Task objective —
Write out the listing below from the line containing "un safir rar" to its last line, unaltered, ends included.

──────── Task material

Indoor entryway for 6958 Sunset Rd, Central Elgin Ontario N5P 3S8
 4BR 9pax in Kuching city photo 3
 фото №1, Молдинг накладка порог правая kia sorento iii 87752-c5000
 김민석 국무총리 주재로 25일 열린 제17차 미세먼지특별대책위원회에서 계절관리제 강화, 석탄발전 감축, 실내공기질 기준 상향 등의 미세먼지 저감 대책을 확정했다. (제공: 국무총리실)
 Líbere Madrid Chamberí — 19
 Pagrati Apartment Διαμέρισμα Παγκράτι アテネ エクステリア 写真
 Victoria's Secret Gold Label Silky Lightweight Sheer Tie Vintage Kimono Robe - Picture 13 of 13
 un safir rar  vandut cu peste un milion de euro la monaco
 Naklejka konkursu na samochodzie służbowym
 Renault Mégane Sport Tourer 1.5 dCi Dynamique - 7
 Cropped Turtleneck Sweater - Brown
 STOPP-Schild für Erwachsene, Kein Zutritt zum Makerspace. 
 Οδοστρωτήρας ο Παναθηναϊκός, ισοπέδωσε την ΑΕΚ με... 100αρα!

────────────────

Task result —
 un safir rar  vandut cu peste un milion de euro la monaco
 Naklejka konkursu na samochodzie służbowym
 Renault Mégane Sport Tourer 1.5 dCi Dynamique - 7
 Cropped Turtleneck Sweater - Brown
 STOPP-Schild für Erwachsene, Kein Zutritt zum Makerspace. 
 Οδοστρωτήρας ο Παναθηναϊκός, ισοπέδωσε την ΑΕΚ με... 100αρα!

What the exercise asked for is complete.